石川祐希は2024-25シーズン、世界最高峰イタリア、セリエAのシル・サフェーティ・ペルージャの主力として、足跡を刻んでいる。日本人初となるCEVチャンピオンズリーグ優勝を経験。
だが、ネーションズリーグ男子2025千葉大会から合流した石川のコンディションは万全ではなかった。右肩の痛みをおしてのプレーが続いた。ドイツ戦、アルゼンチン戦と、コートに立った時の存在感が際立つ一方、コートの外から見守るしかないシーンもあった。続くブラジル戦で登録外になったのは、コンディションを考えたら必然と言えた。
それでも、ドイツ戦はチーム最多の22得点だったし、アルゼンチン戦も終盤はベンチにいながら13得点を決めた。ファイナルがかかったアメリカ戦も、本調子には程遠いながら7得点で勝利に貢献。自分のゾーンに入った時のスパイクは出色で、どんな高さでも、軌道がずれていても、託されたパスはすべて決めきる覇気が漂った。
「トスが上がった以上、僕が決める」
石川は決然として言う―――。
石川は世界的なバレーボールプレーヤーである。それだけに彼が与える効果は絶大で、彼自身の活躍だけの話に収まらない。その点で、ネーションズリーグの日本ラウンドでも存在は欠かせなかった。
コンディション調整が必要だった石川が合流したことにはリスクもつきまとっていた。しかし、今回は新たにロラン・ティリ監督が就任し、新しいメンバーも少なくなく、今後に向けた新体制がスタートしたところで、石川が監督や選手と対話を図れたことは大きな収穫だった。3年後のロサンゼルス五輪を考えた場合、目先の結果以上に有益なことだろう。
【欧州の最前線で戦ってきた賜物】
「(代表は)トスがどれだけ乱れようが、対応してくれる選手がたくさんいて、そこで決めてくれるし、"どうしてほしい"ってことも伝えてくれるので楽しいですね」
日本ラウンドで、休養した関田誠大に代わり主力で戦ったセッター、永露元稀はそう明かし、石川についてこう言及している。

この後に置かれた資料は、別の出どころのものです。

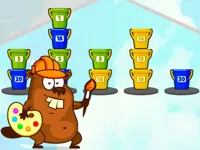 https://www.playfreegames.co.za/game/sort-buckets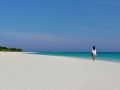 amanpulo25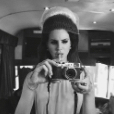 Ultraviolence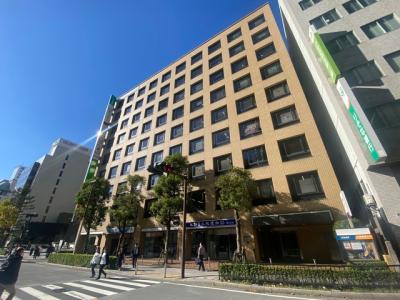 ピタットハウス横浜ハマボールイアス店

「石川選手とは沖縄合宿からコンビも細かくやってきました。積極的にコミュニケーションをとってくれるのでやりやすいですね。試合じゃないとできない状況もあるので、そこはやりながら克服していきたいですけど。石川選手は『高さはいいから、(トスの)リズムを出して』と言っていたんですが、このリズムのところで、自分が慣れていないところもあったので......。ただ、試合は上げやすかったですし、彼もしっかり決めてくれました」
石川は世界の猛者と敵味方となってやっているだけに、図抜けた適応力の高さを見せる。
「(永露の)組み立てで、自信を持って打てていました。彼も感覚はわかっていないところはあるはずですが、そこは僕がアジャストしないといけない。トスが上がった以上、僕が決めないと。そのなかで、もっと決められたところもあったし、そこはもう少し合わせていきたいですね」
石川はそう語り、決して焦っていなかった。ヨーロッパの最前線で戦う自信や経験の賜物だろう。違った価値観、違ったプレーリズムの選手とコミュニケーションをとって、自分のよさを出す作業を日々行なっているのだ。

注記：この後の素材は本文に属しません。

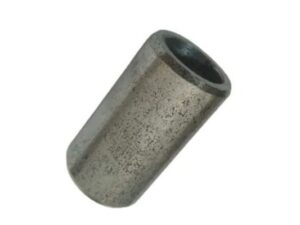 ESPESOR BARRA ESTABILIZ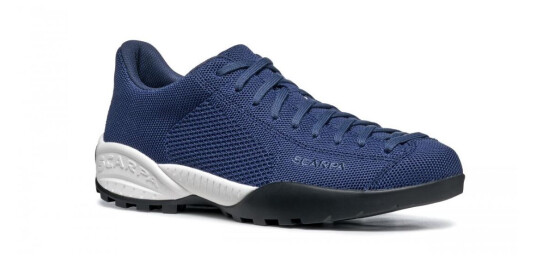 Scarpa  Mojito Bio Herre, Nib Night Blue, 41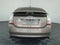 2006 Toyota Prius Base *CLEAN CARFAX!*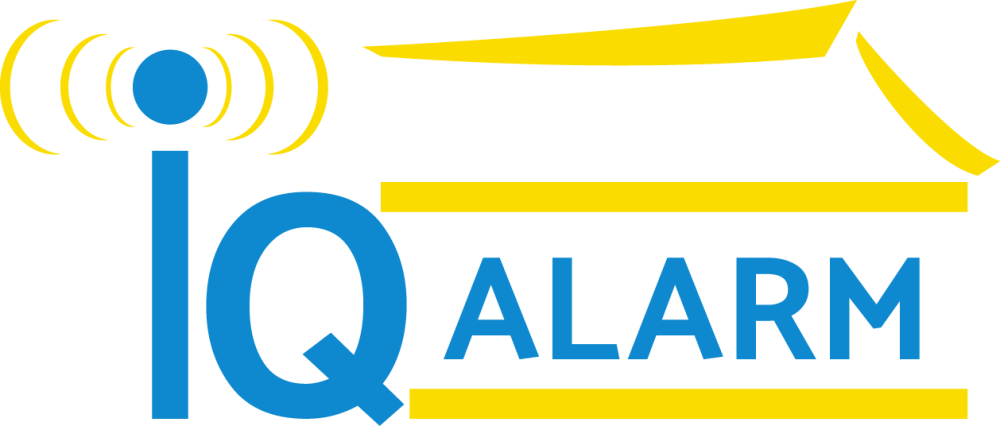 20170927_magasabb fok. kapcs 2. iqalarm logo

7月18日、ブラジル戦で石川は大事を取る形で登録から外れ、チームはセットカウント0-3で完敗している。石川は出場しなかったが、ミックスゾーンで報道陣の質問に丁寧に答えていた。チームを引っ張る意識の高さから戦いを俯瞰し、今後の教訓としているのだ。
「全体的な内容としては悪くなかったと思います」
石川はそう総括し、こう続けた。
「僕たちが1セット目、少しミスが多くなって、そこがもったいなかったですね。2セット目、相手のミドル使われ始めて以降は、ブラジルの流れだったなと思います。3セット目はリードしていたんですが、1点を奪われたあと、連続失点したところがあって、外から見ていて、あそこで耐えられたら、とは思いました。すぐに打ちたくなる焦りはわかるんですけど、冷静な判断も大事なって」
石川は「世界」を想定し、はっきりとこう語っている。
「(定位置の)オーバーのトスではなく、(厳しいポジションから)アンダーで上げるようなコート内のシチュエーションで、アタッカーがうまく打ててないところもありました。簡単ではないですが、そこの精度を高めないと。やっぱり、海外のトップ選手はそういうパスもうまく打ってくるので」
彼が持つ「世界基準」こそ、日本の武器だろう。修羅場をくぐり抜けることで、強さは本物になる。たとえ本調子ではなくとも、石川がチームにいる意味は限りなく大きい。なぜなら、世界のトップ選手しか見ていない風景があるからだ。
7月30日から中国で、ネーションズリーグのファイナルラウンドが行なわれる。前々回は3位、前回は2位だった。